JURISDIÇÃO E COMPETÊNCIA
1. JURISDIÇÃO
Introdução
O homem moderno, nas suas relações em sociedade, está sujeito a diversas situações capazes de desencadear conflitos de interesses; conflitos que, em alguns casos, poderão ser resolvidos entre as próprias partes – quando ambos os envolvidos fazem concessões, flexibilizando o diálogo e possibilitando um acordo, não havendo, portanto, a necessidade de intervenção estatal; e, em outros, devido à resistência de uma parte à pretensão de outra, surge a necessidade de que o Estado, por meio do processo, resolva esses conflitos de interesse entre os envolvidos, já que é vedada a autotutela.
É nisso que consiste a jurisdição que, basicamente, é o poder que o Estado possui de aplicar o Direito objetivo, a fim de resolver conflitos de interesse em sociedade.
O eminente professor Mirabete elucida que: “jurisdição é, pois, a faculdade que tem o poder judiciário de pronunciar concretamente a aplicação do direito objetivo”.
Seguindo o mesmo entendimento, Tourinho Filho explana: “é aquela função do Estado consistente em fazer atuar, pelos órgãos jurisdicionais, que são os Juízes e Tribunais, o direito objetivo a um caso concreto, obtendo-se a justa composição da lide”.
1.2 Características da jurisdição
Para que a jurisdição realize plenamente a aplicação do direito positivo aos casos concretos, ela deverá estar revestida de características formais invariáveis, quais sejam: um órgão apropriado (juiz) - distinto dos órgãos que exerçam as funções de legislar e administrar; um contraditório regular - que permita que as partes litiguem em pé de igualdade e, finalmente, um procedimento pré-estabelecido – que garanta a justa solução da lide.
Desse modo, são características da jurisdição:
a) Unidade
A jurisdição é indivisível – uma, visto que é atributo da soberania estatal, distinguindo-se apenas no julgar causas civis e penais.
b) Substitutividade
A atividade do juiz substitui a atuação particular dos litigantes.
c) Definitividade
Característica que difere a atividade administrativa da jurisdicional.
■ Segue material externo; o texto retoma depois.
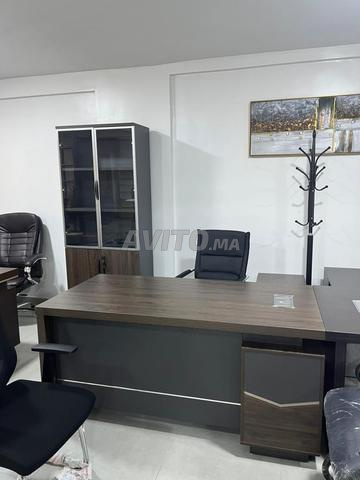 Bureaux luxueux aux designs élégants et modernes - 2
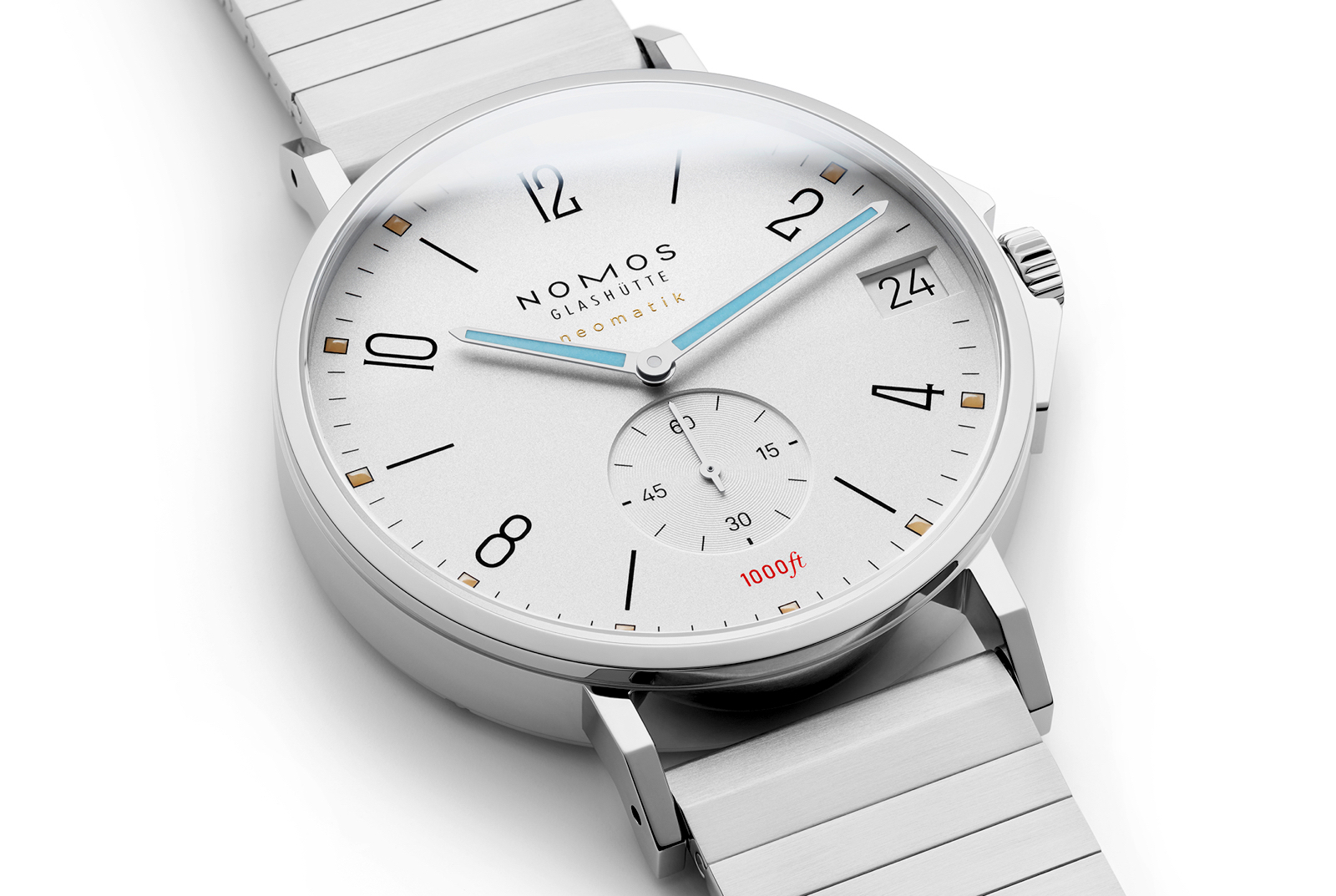 Nomos Tangente Sport 580 Lying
Enquanto a decisão administrativa irrecorrível é passível de anulação pelo Poder judiciário, as decisões judiciais de mérito, não mais passíveis de recursos, tornam-se definitivas (imutáveis).
1.3 Elementos
Sobre esse tópico, brilhante é alusão de Júlio Fabbrini Mirabete aos ensinamentos de Paulo Lúcio Nogueira: A jurisdição é composta de certos elementos, atos processuais que devem ser praticados para que se chegue a uma decisão. São eles: notio, vocatio, coertio, judicium, executium.
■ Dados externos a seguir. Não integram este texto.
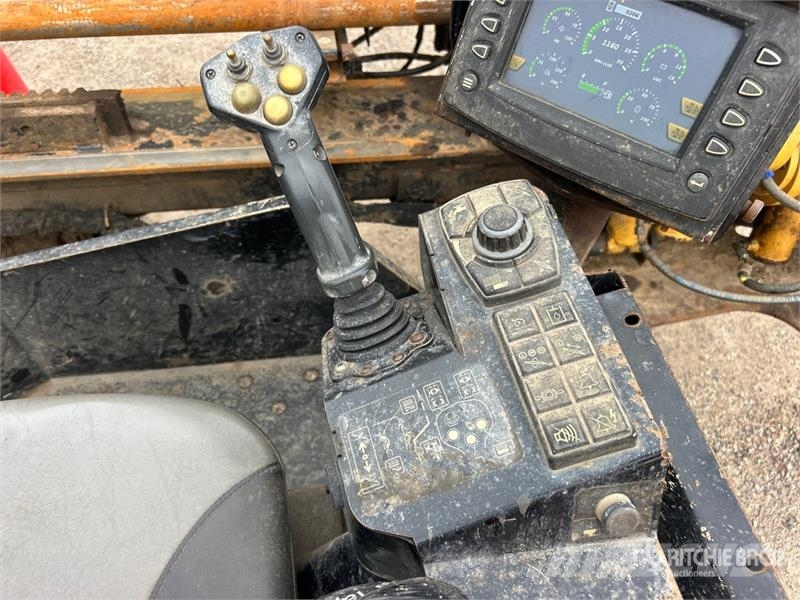 Vermeer D24X40III Directional Drill Horisontaalsed puurmasinad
A notio (conhecimento) compreende o poder atribuído aos Órgãos Jurisdicionais de conhecer dos litígios, de prover à regularidade do processo, de investigar a presença dos pressupostos de existência e de validade da relação processual, das condições de procedibilidade, das condições da ação e de recolher o material probatório.
A vocatio (chamamento) é a faculdade de fazer comparecer em juízo todo aquele cuja presença é necessária ao regular desenvolvimento do processo.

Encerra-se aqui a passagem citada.